The Truthful Art — Methods of Encoding & Exploring Data (Ch. 5&6)
When reading these chapters, I could not help but wonder — if choosing the right method of encoding the data is crucial to effectively interpreting a visualization, then why do so many people use pie charts? It felt like the most commonly referenced chart type in grade school, and it still seems to be a go-to in annual reports and professional presentations. Though perhaps I should not be so quick to judge or dismiss the pizza-shaped art form. One of the major takeaways from this chapter is that there are appropriate uses for all methods of encoding data, depending on the goal of the visualization. And a pie chart, comparing two amounts, can be reasonably effective at demonstrating a comparison.

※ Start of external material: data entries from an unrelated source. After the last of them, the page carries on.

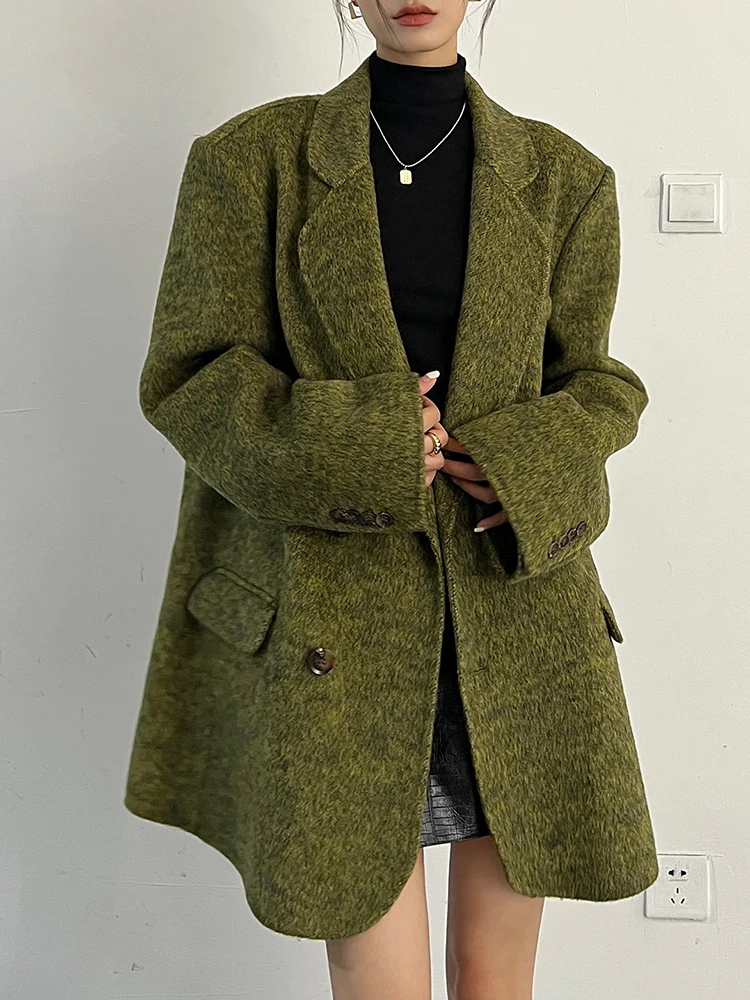 YERMORA Green Button Vintage Wool Blazer For Women Lapel Long Sleeve Loose New Thick Jacket Fashion Tide Autumn Winter 2025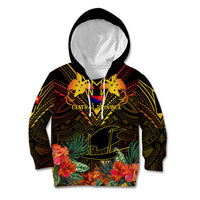 Papua New Guinea Central Province Kid Hoodie Papua Niugini Coat Of Arms With Flag Style - Wonder Print Shop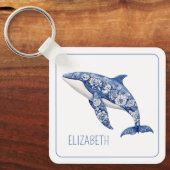 ブルートワールフローラビーチドルフィパーソナライズされたン キーホルダー (正面)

I was somewhat surprised to read the criticism of radar charts. Particularly because they are increasingly trendy as a way for “stat nerd” sports fans or writers to present information about players. It’s most often see when comparing players before the NFL draft. Top players are invited to a scouting combine, performing various feats primarily used to measure different aspects of athleticism (40 yard sprint, standing jump, bench press, etc.). These players are then captured by a radar chart comparing percentiles within each position. Each year I might look through some of these, particularly for Miami players looking to make it to the league. With the initial example used in the book, I completely agree that it was not a particularly useful method of encoding for making comparisons. I feel like it does improve in a more interactive setting, like in the Mockdraftable site.

As someone who has (mostly) successfully navigated a graduate program in statistical modeling, I’m more than familiar with the premises of exploratory data analysis. It is common nature to run descriptive statistics on a dataset as the first order of business. I actually tend to do it twice: once to check for quirks or obvious outliers (a distorted mean or range, for example), and a second time after data cleaning to get a sense of the data with which I am working. And I occasionally will plot out a histogram or scatter plot before doing anything else. But this chapter has me reconsidering why I don’t do it every time. For one, I think it makes it easier to catch outliers that don’t show up in a normal list of descriptive statistics (though R does have some good functionality for determining outliers, you just have to be step outside the boundaries of base R packages). Using some of the tools we are learning in class (e.g, iNZight) is something I will likely start incorporating into my routine when approaching new datasets.